Read also: Jakarta on ‘right track’ in COVID-19 handling, Anies says, despite rising numbers

A projection by researchers from Social Resilience Lab, Nanyang Technological University (NTU), in collaboration with the LaporCOVID (Report COVID-19) community, shows that the healthcare system in Jakarta may collapse by the end of the year unless a massive intervention is made to curb transmission of the disease.

The modeling, which analyzed data from Aug. 1 until Sept. 3 using the Gaussian equation, predicted up to 3,000 deaths by the end of October as more people requiring hospitalization were unable to access treatment because hospitals had run out of beds, according to NTU researcher Fredy Tantri.

“We developed the best- and worst-case scenarios for the next two months. The [worst-case scenario] model shows that the city's healthcare capacity would be fully occupied in the fourth week of September,” Fredy said in a virtual press conference on Wednesday.

By Wednesday, Jakarta had reported a total of 1,347 deaths since the outbreak emerged.

Around 37 percent of positive cases in Indonesia’s capital have shown medium to severe symptoms that require treatment in hospitals, prompting the Jakarta Health Agency to consider increasing bed capacity.

It is planning to allocate more beds in 13 city-owned hospitals for COVID-19 patients, add beds in 67 referral hospitals, as well as cooperate with private hospitals for additional referral hospitals, Jakarta Health Agency head Widyastuti said. With the scheme, Jakarta will have an additional 851 beds, bringing the total number of beds for COVID patients to 5,432 -- comprising 4,807 isolation beds and 636 intensive care beds.

Read also: Patients crowd hospitals as Indonesia loses 183 'priceless' medical workers

Widyastuti, however, said that to increase the number of medical workers was never an easy task.

The agency earlier this week recruited 1,174 new medical workers, including pulmonologists, internists, anesthetists, pediatricians, nurses, midwives and public health educators who came from across the country.

Indonesia, home to 271 million people, has 0.13 specialist doctors per 1,000 people, fewer than half the government's target of 0.28 per 1,000 people as part of its health reform program, according to National Development Planning Agency (Bappenas) data cited by the Indonesian Medical Association (IDI). The figure for general practitioners is 0.52 per 1,000 people, fewer than half the ideal target of 1.12.

On Wednesday evening Anies eventually decided to reinforce stricter restrictions that will take effect starting next Monday due to the surge in COVID-19 deaths and rising hospitalizations since mid-August. He cited the city administration's projection that isolation beds would be fully occupied in mid-October and ICU beds on Sept. 25 unless the city returned to stricter PSBB.

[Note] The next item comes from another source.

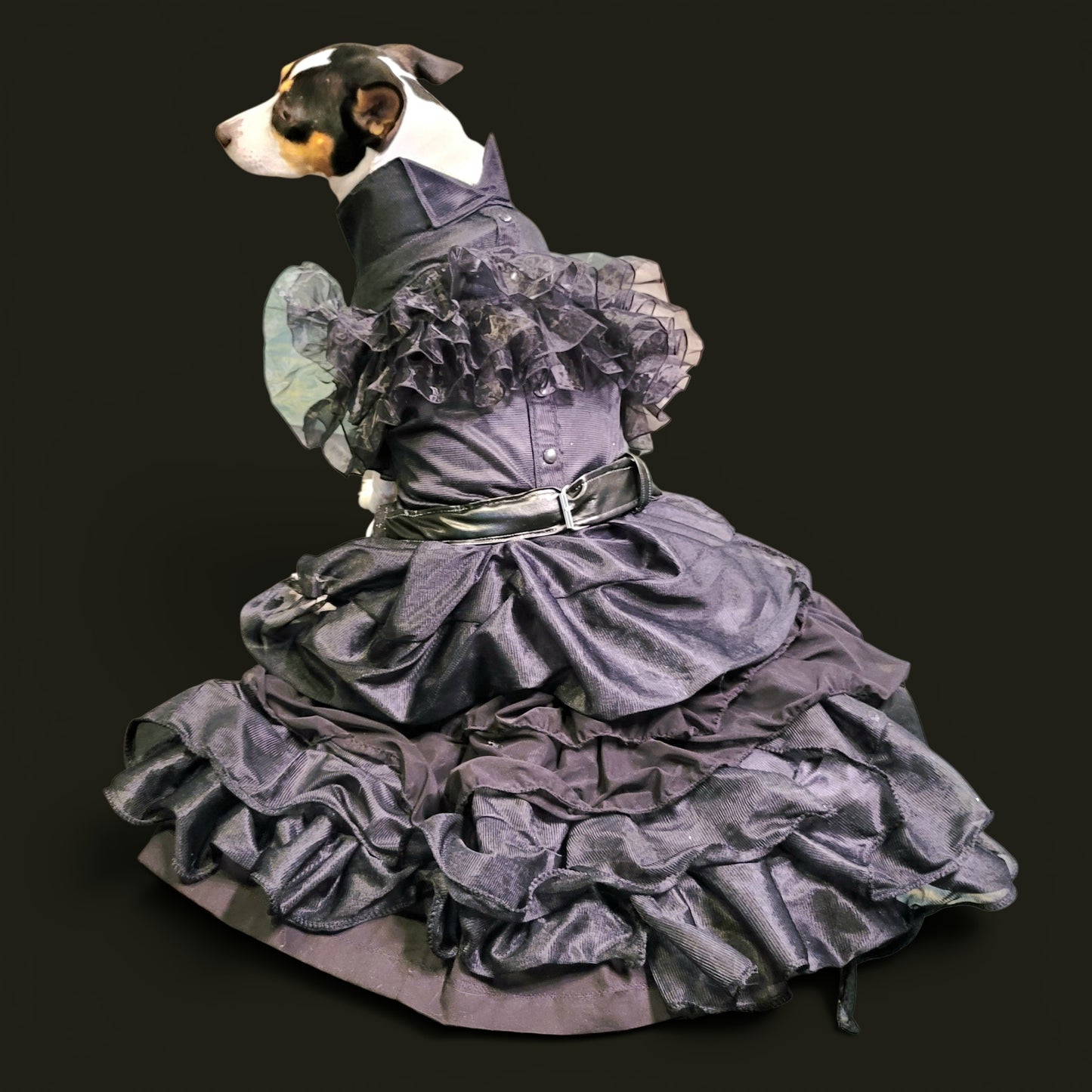 Wednesday Raven Pet Prom dress, Wednesday Pet Costume, Wednesday Raven Dog dress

“Without strict restrictions, it [a collapsed healthcare system] is a disaster waiting to happen,” he said while announcing his decision on Wednesday night.

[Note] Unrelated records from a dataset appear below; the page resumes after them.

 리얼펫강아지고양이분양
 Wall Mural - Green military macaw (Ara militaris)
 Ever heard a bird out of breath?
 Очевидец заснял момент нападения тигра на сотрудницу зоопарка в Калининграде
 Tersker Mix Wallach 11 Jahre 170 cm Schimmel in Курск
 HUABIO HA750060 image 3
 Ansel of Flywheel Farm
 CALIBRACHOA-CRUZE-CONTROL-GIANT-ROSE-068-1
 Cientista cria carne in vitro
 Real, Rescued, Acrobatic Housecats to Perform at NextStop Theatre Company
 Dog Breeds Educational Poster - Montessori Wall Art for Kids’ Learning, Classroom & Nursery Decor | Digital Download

Read also: Testing disparity looms over Greater Jakarta’s efforts to break chain of transmission

Widyastuti, meanwhile, suggested the central government and other regions adopt a more universal policy to curb the outbreak given the high mobility of people entering the capital.

“[Comprehensive policies] must not only apply to Greater Jakarta but also Indonesia as a whole, as [people from] one province also have the potential to transmit COVID-19 to other people in other provinces,” she said, citing that 30 percent of confirmed cases in Jakarta originated from outside the city.

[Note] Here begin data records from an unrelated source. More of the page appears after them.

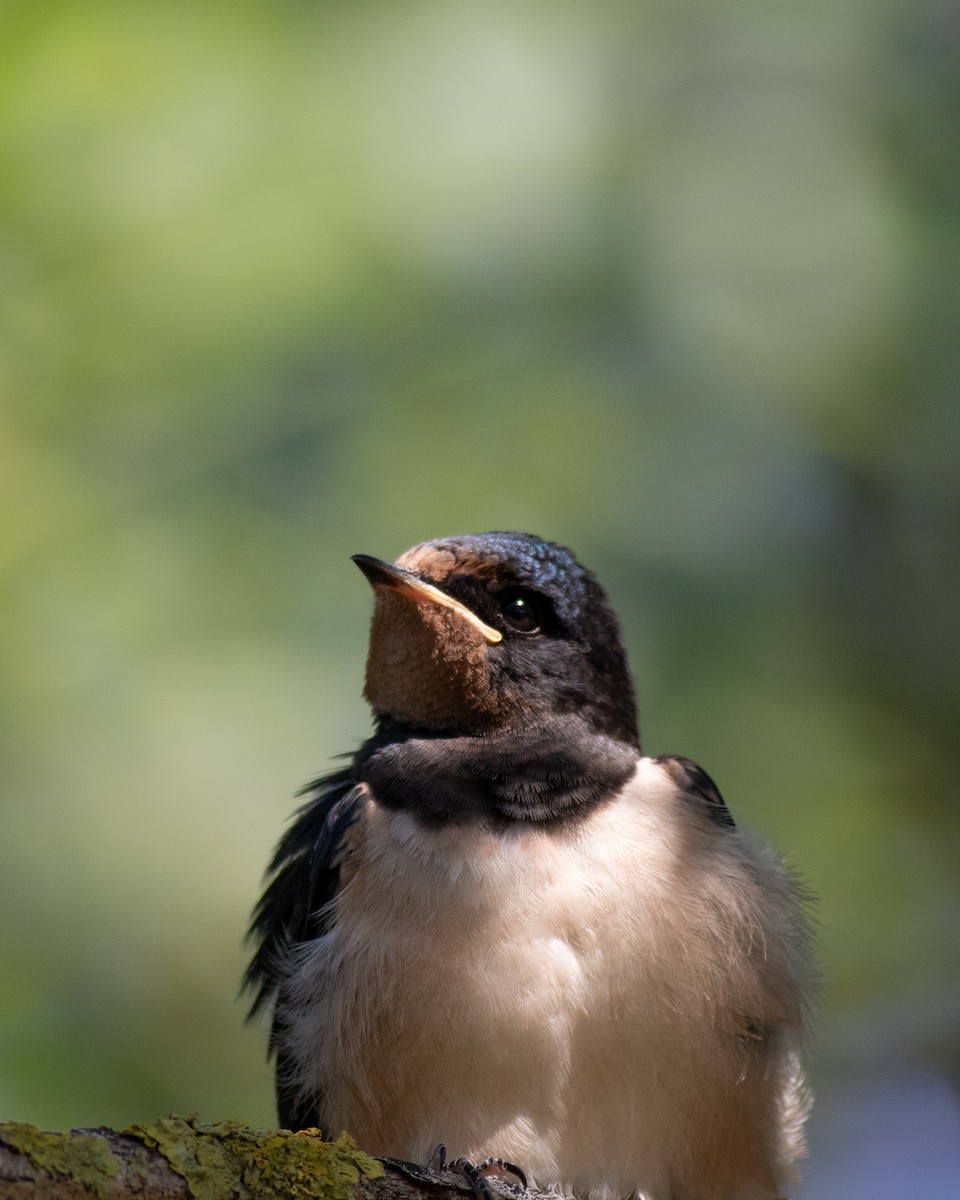 Barn Swallow - ML620576566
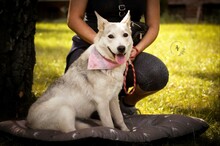 SAVANAY132, Hund, Mischlingshund in Neuwied - Bild 5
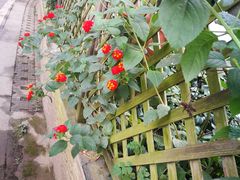 -三圣花乡旅游区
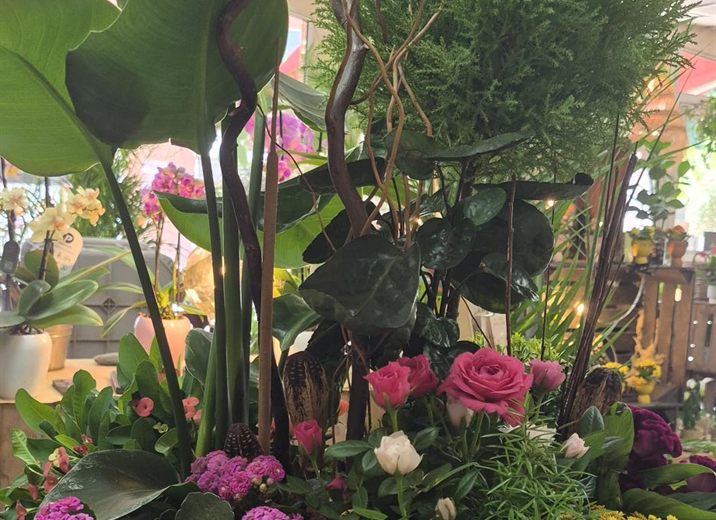 Jardinière fleurie Cap Vert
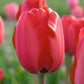 Tulpes Darvina RED IMPRESSION 12/+ 80gab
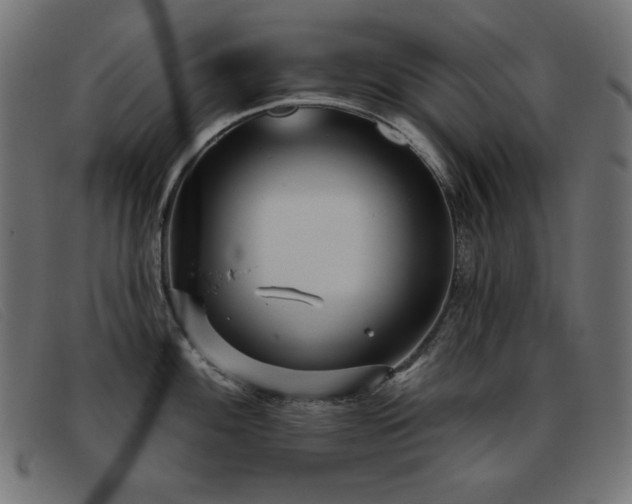 X0000093361100200710111450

In an attempt to break the chain of COVID-19 transmission, Anies recently revealed a plan requiring all people in need of mandatory self-isolation to be quarantined at facilities run by the city administration. The plan was a response to the lack of discipline among self-quarantining individuals who occasionally failed to abide by the existing health protocols.

The makeshift hospital at the Kemayoran former athletes village in Central Jakarta will open this month another two towers within its compound to accommodate up to 4,000 patients with mild or no symptoms who need no hospitalization but must self-isolate.